The shop’s facebook account is also pretty awesome and hilarious at times — and they are constantly posting inciting photographs of tasty treats. I am very happy to see a local business like Shabby thriving in Sault Ste Marie’s downtown core. Definitely a local gem.
Nothing beats fresh produce straight from the garden. A lot of the crops Andrew and I plant on a yearly basis seem to take forever before you get to taste them. Carrots, potatoes, onions, parsnips and squash are all ready late in the season and we tend to store these treats for months after they are picked. These veggies are definitely worth the wait but sometimes I’m an impatient garden.
Oslicken Acre Radishes
The short turn around time on radishes and greens are one of the reasons I love growing them. Within a couple of weeks of planting radishes and greens they are on the table and ready to be eaten.
This year I planted Swiss chard for the first time. It seems to be flourishing and we’ve already sampled some. So far I’ve only been using the leaves, but I read somewhere that the crisp rib portion of the chard can be cooked and eaten as well. More experiments will have to be done.
My parents used to grow radishes on a regular basis. For whatever reason it hadn’t occurred to me to add these tasty morsels to the list of things Andrew and I plant. So this year was the first year we’ve grown radishes at Oslicken Acres. I’m enjoying them in salads and as uncooked veggie snacks in my lunch.
Andrew and I are trying our hand at growing garlic for the first time this year. Last fall we dutifully cracked garlic bulbs into cloves and got them into the ground before the last frost. Over the winter snow buried the garden, garlic moved off my radar, and we let nature take its course. In the early spring we were delighted to see that almost all our garlic made it through the winter and was thriving.
Having something come up in the Spring before you’ve even planted the rest of your vegetable garden was a great treat. The early growth of garlic made me get excited for the coming growing season and start planning what else we were planting this year.
This week we started cutting the scapes from our garlic. They are pretty and so far we’ve just used them as decorative items. They also have a lovely subtle garlic smell. I’m hoping experiment with different ways of cooking the scapes — adding them to a stir fry seems like the easiest option and will probably be what I try first.
Now that the scapes are cut we’re entering the homestretch and in a few weeks we’ll find out how our first foray into garlic has gone. Fingers crossed for a bountiful year.

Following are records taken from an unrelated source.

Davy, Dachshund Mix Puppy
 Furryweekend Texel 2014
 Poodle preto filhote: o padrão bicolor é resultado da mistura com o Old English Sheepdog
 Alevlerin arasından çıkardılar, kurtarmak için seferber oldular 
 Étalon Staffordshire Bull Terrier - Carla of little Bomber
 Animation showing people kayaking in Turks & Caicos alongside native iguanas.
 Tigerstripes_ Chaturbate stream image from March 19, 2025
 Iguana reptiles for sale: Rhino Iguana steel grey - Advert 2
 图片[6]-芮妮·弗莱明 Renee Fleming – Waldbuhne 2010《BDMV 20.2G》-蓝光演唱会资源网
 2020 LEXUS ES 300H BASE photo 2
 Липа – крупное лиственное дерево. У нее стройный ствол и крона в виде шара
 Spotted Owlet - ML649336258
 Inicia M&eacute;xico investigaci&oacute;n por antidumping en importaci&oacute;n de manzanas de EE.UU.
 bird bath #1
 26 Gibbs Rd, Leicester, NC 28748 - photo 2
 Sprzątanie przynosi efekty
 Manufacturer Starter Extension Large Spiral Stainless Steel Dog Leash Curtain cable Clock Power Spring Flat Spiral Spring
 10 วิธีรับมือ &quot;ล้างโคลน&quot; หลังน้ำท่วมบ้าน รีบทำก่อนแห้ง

Years ago I helped teach Sunday School at the church my family attended. The lesson plans often included a bible story followed by a short craft. I vividly remember a small child laughing at my attempts to make a craft and pointing out how superior their craft was. Needless to say my confidence in my crafting abilities is pretty low. Despite this I’ve taken on a few small craft projects in recent years – often as presents for Andrew.
I also started learning to knit a few years. My first project was a small scarf. I watched YouTube videos, pulled out lots of stitches, and eventually managed to knit a scarf that included knit and purl stitches. It wasn’t perfect but I learned a lot and felt awesome for knitting something.
Not wanting to get too fancy for my second project I decided I would knit a blanket — blankets are just like huge scarves for your lap right? Two years later I’m finally putting the finishing touches on this seemingly eternal knitting project. I get marks for preserving, right? I think I’ll pick something much smaller for my third knitting project.